Pictures aside, every line of the listing should be given again exactly.

***** Data block

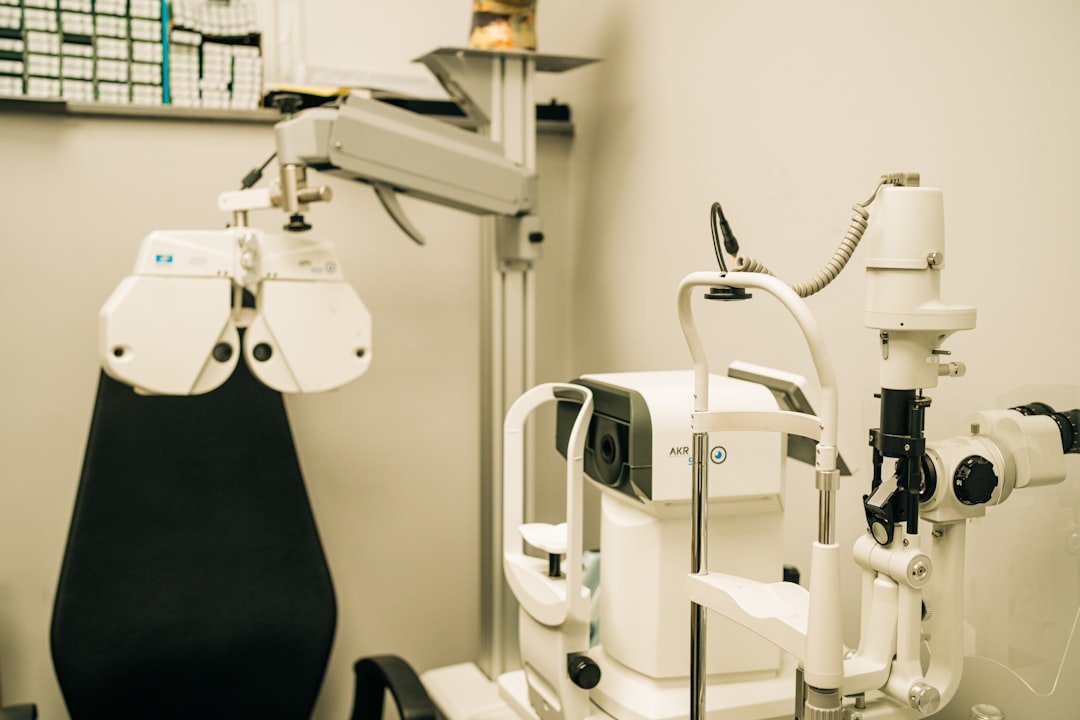 Glaucoma Symptoms And Treatment Options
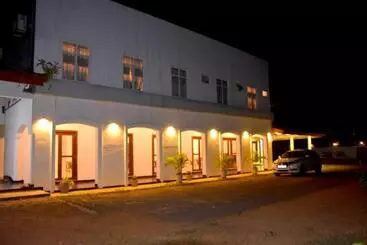ペンション Wingate Hotel Wilgamuwa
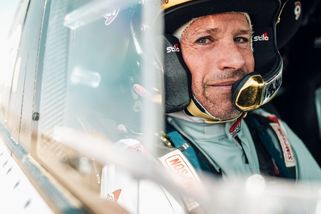 Po těžké autonehodě si nechal uříznout nohu, aby se mohl vrátit na Dakar. Má speciální protézu - Garáž.cz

**********

- Result for this task
 Glaucoma Symptoms And Treatment Options
ペンション Wingate Hotel Wilgamuwa
 Po těžké autonehodě si nechal uříznout nohu, aby se mohl vrátit na Dakar. Má speciální protézu - Garáž.cz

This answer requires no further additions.